Problem statement
Needed from the data below: every line from the one with "Illinois Football vs" up to and including the one with "Monte Carlo Rally: The Golden Age, 1911-1980", repeated exactly and with nothing else.

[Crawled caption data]
•••

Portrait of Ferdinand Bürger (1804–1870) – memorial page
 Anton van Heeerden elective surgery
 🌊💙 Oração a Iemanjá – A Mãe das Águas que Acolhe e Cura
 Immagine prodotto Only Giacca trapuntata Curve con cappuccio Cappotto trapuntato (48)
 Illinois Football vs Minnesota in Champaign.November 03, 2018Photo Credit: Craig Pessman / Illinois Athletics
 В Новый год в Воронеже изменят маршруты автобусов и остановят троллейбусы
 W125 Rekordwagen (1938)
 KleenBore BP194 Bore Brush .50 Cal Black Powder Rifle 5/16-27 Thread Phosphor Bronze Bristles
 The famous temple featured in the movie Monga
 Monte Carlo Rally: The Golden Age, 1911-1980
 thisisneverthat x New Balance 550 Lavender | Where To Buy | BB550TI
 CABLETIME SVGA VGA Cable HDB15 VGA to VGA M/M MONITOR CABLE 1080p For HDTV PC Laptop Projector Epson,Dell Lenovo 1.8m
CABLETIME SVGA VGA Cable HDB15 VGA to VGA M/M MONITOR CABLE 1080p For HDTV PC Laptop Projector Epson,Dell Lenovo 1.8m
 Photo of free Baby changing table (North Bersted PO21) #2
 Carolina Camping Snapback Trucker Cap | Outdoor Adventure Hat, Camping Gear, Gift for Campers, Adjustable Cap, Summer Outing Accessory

•••

Response to this task
 Illinois Football vs Minnesota in Champaign.November 03, 2018Photo Credit: Craig Pessman / Illinois Athletics
 В Новый год в Воронеже изменят маршруты автобусов и остановят троллейбусы
 W125 Rekordwagen (1938)
 KleenBore BP194 Bore Brush .50 Cal Black Powder Rifle 5/16-27 Thread Phosphor Bronze Bristles
 The famous temple featured in the movie Monga
 Monte Carlo Rally: The Golden Age, 1911-1980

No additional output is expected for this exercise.